Introduction to Interoperability Between COM and .NET - This is a short and sweet run through of COM Interop and sets up a foundation for understanding where some of the issues come from in my previous posts (OOM.NET Part 1 & Part 2).  Be sure to pay attention to the following quote...

"...a COM client manages an internal reference count provided by IUnknown to free a coclass, a .NET client relies on the runtime garbage collector provided by the .NET platform to free an object..."

...That is why RelaseCOMObject is so important - in the Outlook world of item in reuse we cannot rely on the runtime garbage collector provided by the .NET platform to free an object.

There is also some 101 type information about what a PIA is found in Why Use the Outlook PIA - the take away from this is, "Any number of interop assemblies can exist to describe a given COM type. As publisher of the type library, Outlook provides a Primary Interop Assembly (PIA) that contains the official description of the COM-based Outlook object model."  Installing and Referencing the Outlook 2007 PIA takes the next step to show how to add the reference in Visual Studio.  The list of classes and interfaces in OOM as seen by VB6 or VBA differ greatly from what is seen in a .NET project - for an explanation of that phenomenon read, Relating the Outlook PIA with the Object Model.

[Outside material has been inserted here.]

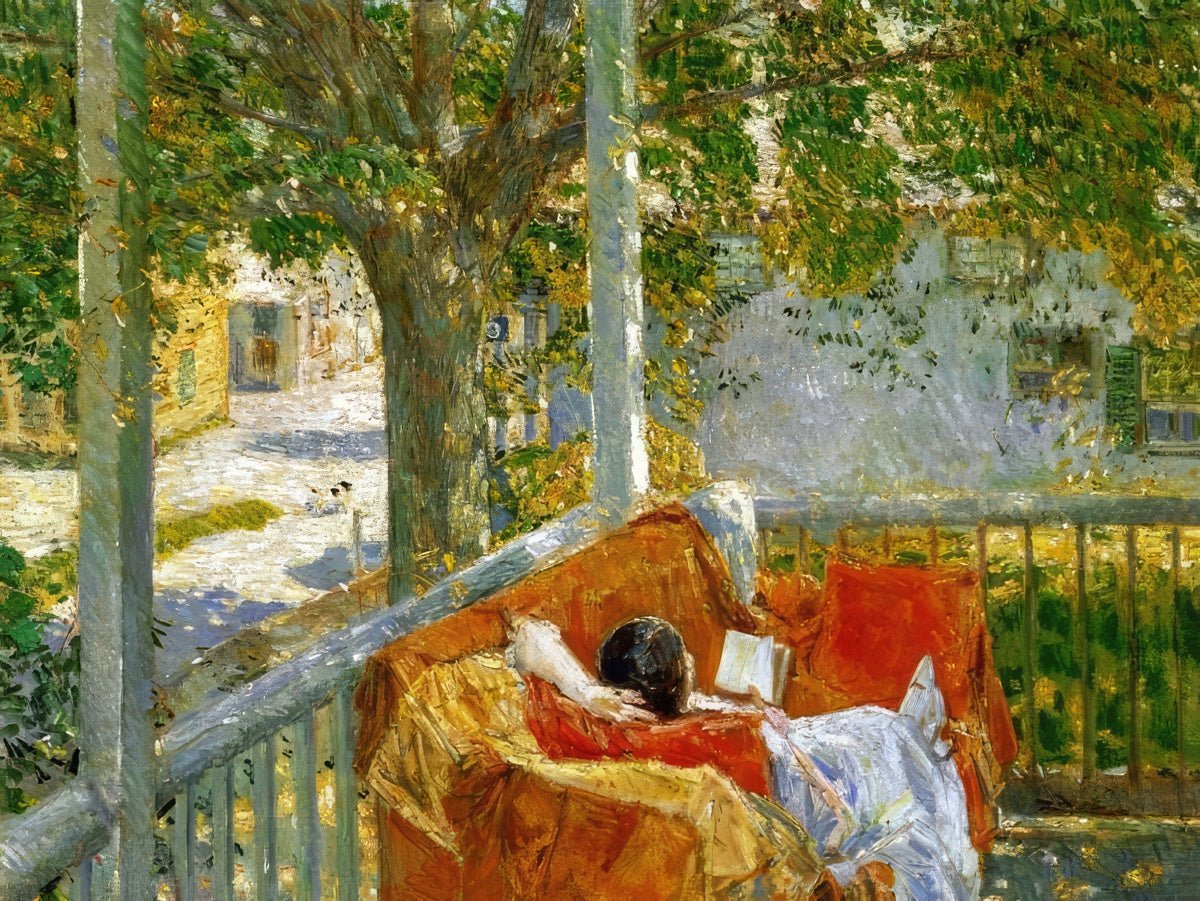 Couch on the Porch, Cos Cob | Childe Hassam | Ave Legato Art Prints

The MSDN documentation hits on some of the points I made in Part 1 and Part 2 of OOM.NET:

Looking forward to Part 4 of OOM.NET...

A huge area of trouble is in the handling of events and how to structure code and understand the code in the PIA to prevent item leaks.  I'll be posting more information on this topic soon - in the meantime read the following two articles for some background information...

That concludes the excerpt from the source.